• [Task goal] Write the listing out again word for word, excluding any pictures.

• [Input records]

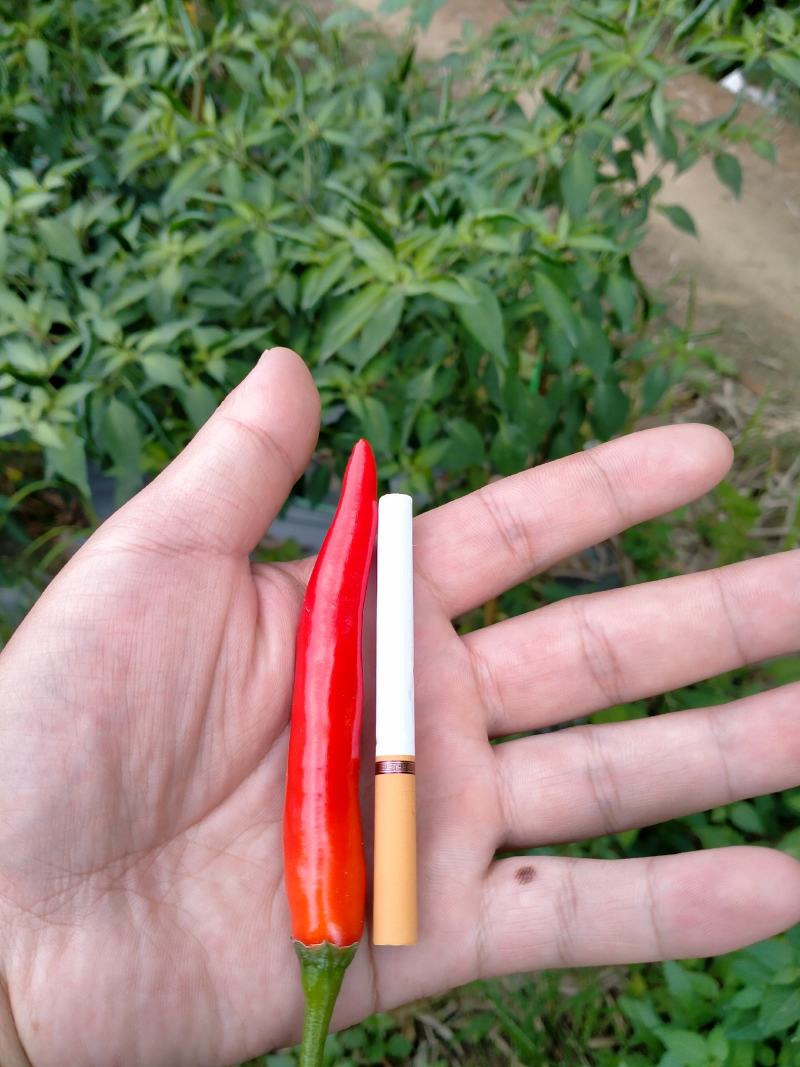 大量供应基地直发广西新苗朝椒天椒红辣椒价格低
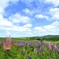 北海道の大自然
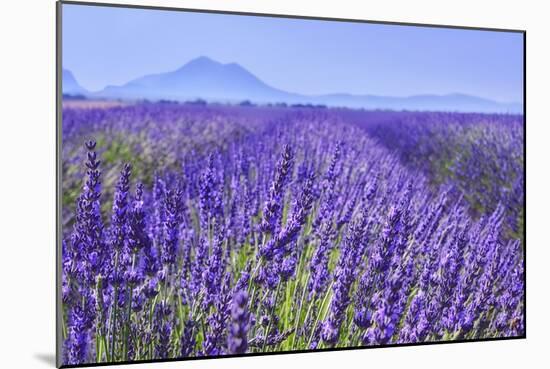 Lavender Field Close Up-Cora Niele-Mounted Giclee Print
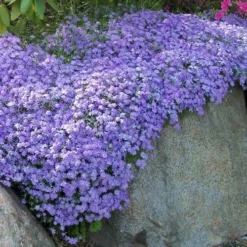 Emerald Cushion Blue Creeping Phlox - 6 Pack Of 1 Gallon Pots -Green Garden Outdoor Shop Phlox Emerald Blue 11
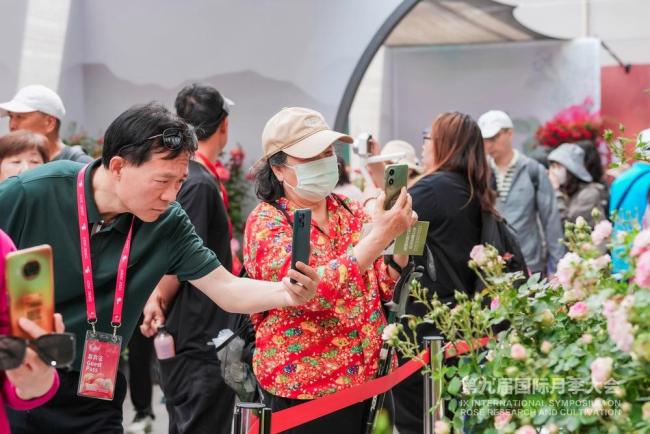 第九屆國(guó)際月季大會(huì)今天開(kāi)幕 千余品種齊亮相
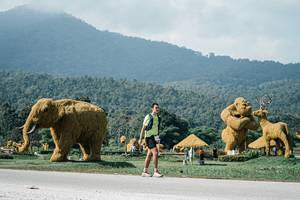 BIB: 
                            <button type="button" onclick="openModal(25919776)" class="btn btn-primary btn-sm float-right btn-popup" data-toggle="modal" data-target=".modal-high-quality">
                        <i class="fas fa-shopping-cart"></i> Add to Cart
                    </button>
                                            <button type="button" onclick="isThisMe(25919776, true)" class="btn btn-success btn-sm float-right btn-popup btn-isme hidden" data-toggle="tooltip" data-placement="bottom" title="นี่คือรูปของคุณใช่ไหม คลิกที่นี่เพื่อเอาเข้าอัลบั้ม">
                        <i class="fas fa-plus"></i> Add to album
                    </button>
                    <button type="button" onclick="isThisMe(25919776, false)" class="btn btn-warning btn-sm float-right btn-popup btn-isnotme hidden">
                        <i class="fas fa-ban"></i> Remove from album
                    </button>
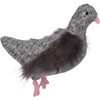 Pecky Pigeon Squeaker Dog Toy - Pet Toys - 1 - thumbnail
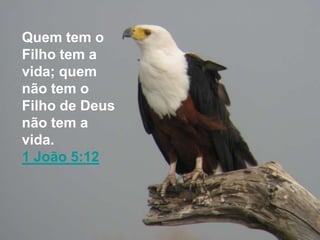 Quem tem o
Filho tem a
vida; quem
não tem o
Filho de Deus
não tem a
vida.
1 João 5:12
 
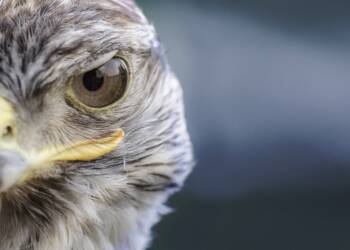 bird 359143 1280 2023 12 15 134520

• [Result for this task]
 大量供应基地直发广西新苗朝椒天椒红辣椒价格低
 北海道の大自然
 Lavender Field Close Up-Cora Niele-Mounted Giclee Print
 Emerald Cushion Blue Creeping Phlox - 6 Pack Of 1 Gallon Pots -Green Garden Outdoor Shop Phlox Emerald Blue 11
 第九屆國(guó)際月季大會(huì)今天開(kāi)幕 千余品種齊亮相
 BIB: 
                            <button type="button" onclick="openModal(25919776)" class="btn btn-primary btn-sm float-right btn-popup" data-toggle="modal" data-target=".modal-high-quality">
                        <i class="fas fa-shopping-cart"></i> Add to Cart
                    </button>
                                            <button type="button" onclick="isThisMe(25919776, true)" class="btn btn-success btn-sm float-right btn-popup btn-isme hidden" data-toggle="tooltip" data-placement="bottom" title="นี่คือรูปของคุณใช่ไหม คลิกที่นี่เพื่อเอาเข้าอัลบั้ม">
                        <i class="fas fa-plus"></i> Add to album
                    </button>
                    <button type="button" onclick="isThisMe(25919776, false)" class="btn btn-warning btn-sm float-right btn-popup btn-isnotme hidden">
                        <i class="fas fa-ban"></i> Remove from album
                    </button>
 Pecky Pigeon Squeaker Dog Toy - Pet Toys - 1 - thumbnail
 Quem tem o
Filho tem a
vida; quem
não tem o
Filho de Deus
não tem a
vida.
1 João 5:12
 
 bird 359143 1280 2023 12 15 134520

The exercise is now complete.